L’article 43 de la loi 65-557 du 10 juillet 1965 n’interdit pas à l’assemblée générale de reconnaître le caractère non écrit d’une clause d’un règlement de copropriété et un copropriétaire ou le syndicat des copropriétaires peut, à tout moment, faire constater l’absence de conformité aux dispositions de l’article 10, alinéa 1er de la loi du 10 juillet 1965 de la clause de répartition des charges.
La solution est nouvelle.

L’assemblée générale est normalement compétente pour modifier un règlement de copropriété (Loi 65-557 du 10-7-1965 art. 26, b) ou pour l’ « adapter » (Loi 65-557 du 10-7-1965 art. 24, II-f). Ne peut-elle pas, également, déclarer non écrite une clause de ce règlement et décider de son retranchement?

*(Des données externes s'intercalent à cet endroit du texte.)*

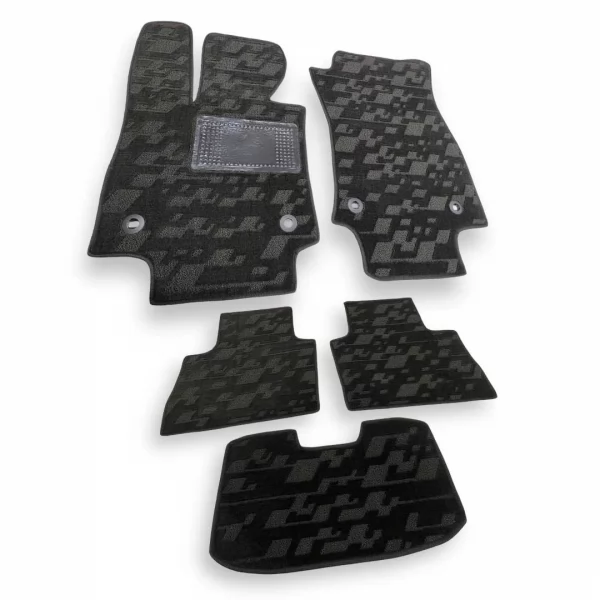 Textile interior mats LEXUS NX II (2022) - 3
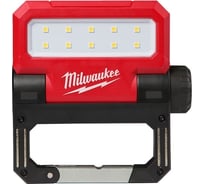 Аккумуляторный фонарь, заряжаемый через USB Milwaukee L4 FFL-201 4933464821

C’est en ce sens que statue la Cour de cassation dans cet arrêt publié, en reconnaissant à l’assemblée générale le pouvoir de déclarer non écrite une clause du règlement de copropriété. Cette solution permet d’éviter la saisine systématique d’un juge, lorsque l’assemblée générale peut dégager une majorité pour « supprimer » la clause qui contrevient aux dispositions de la loi du 10 juillet 1965.